Contributed by
Andrew Breslin
I am not a mathematician. I am a novelist and short story writer who happens to love mathematics. I don't know mathematics on a deep level, but I like to think I'm well versed on the craft of story telling, and this is grade A.
I'm a little surprised that previous raters had an inverse evaluation than I did, giving the mathematical content over 4 on average, while the literary quality is somewhat less. The story is about a mathematician, yes, but although the math involved went sailing so far over my head that I barely heard the whistle, this in no way diminished my enjoyment of the story. Nor would any reader need to know any math at all to appreciate it. This, I think, speaks to its high literary quality. There is a certain timeless and universal appeal here, something that gets to the heart of what it means to be human, not just what it means to be a mathematician.

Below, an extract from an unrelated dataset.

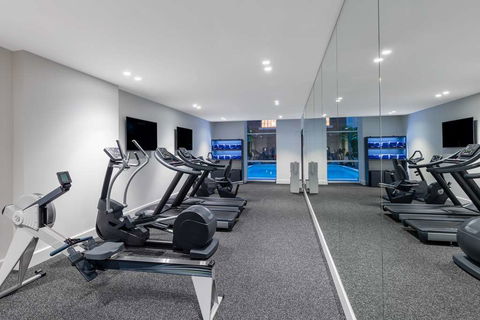 Adina Apartment Hotel Brisbane - Tourism Brisbane 15
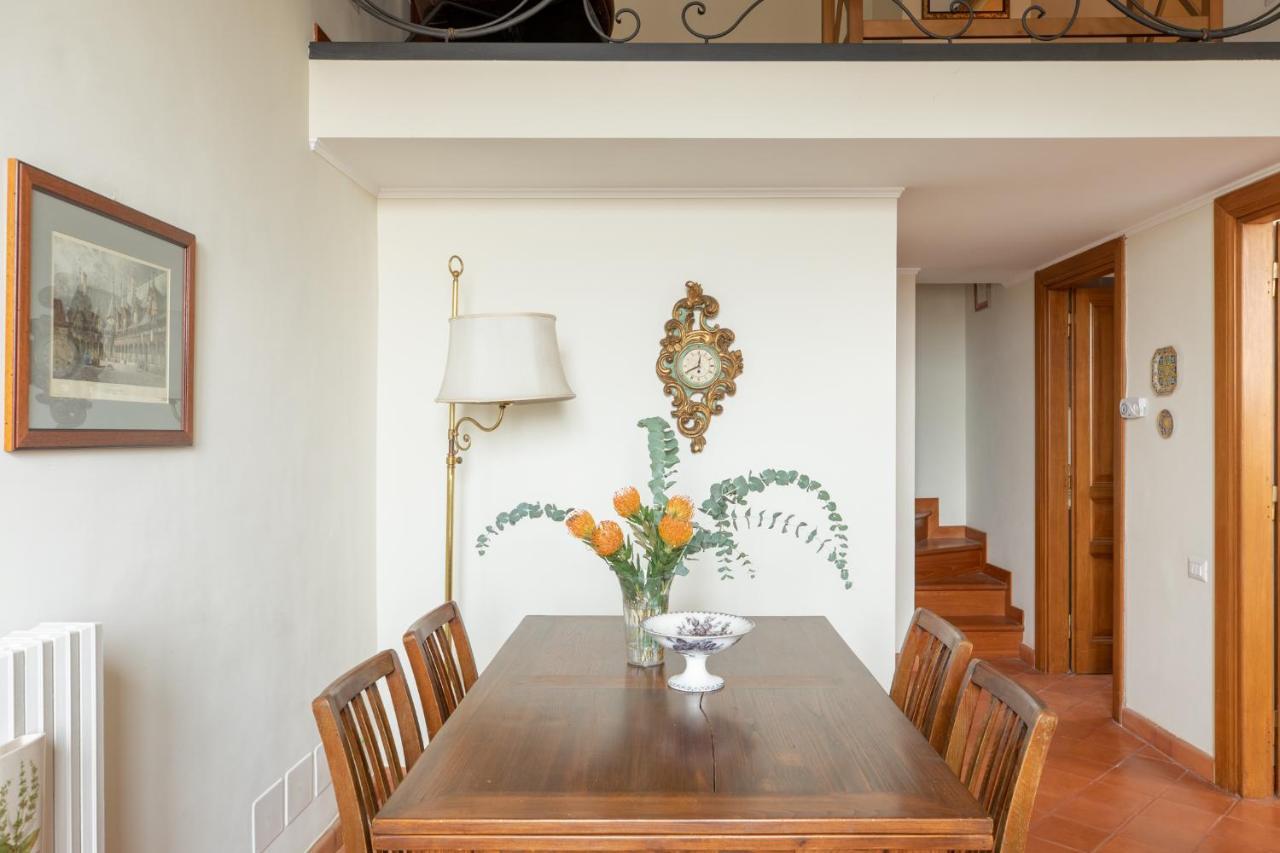 Iflat Spanish Steps At Your Feet Apartment Rome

A frequent flaw with novice crafters of fiction is an attempt to make a protagonist an "everyman," a heavyhanded effort to artificially create that aforementioned universal appeal, and one almost inevitably doomed to fail.
What they learn, eventually, if they want to learn, is that the key to touching on our common humanity lies in specificity, not generality.
I was not surprised to learn that the story is essentially modeled on the ancient legend of Gilgamesh. There's a lot to be said for the old adage that there aren't any new stories, just new perspectives, interpretations, and presentations of old ones. This is an ideal example of precisely that.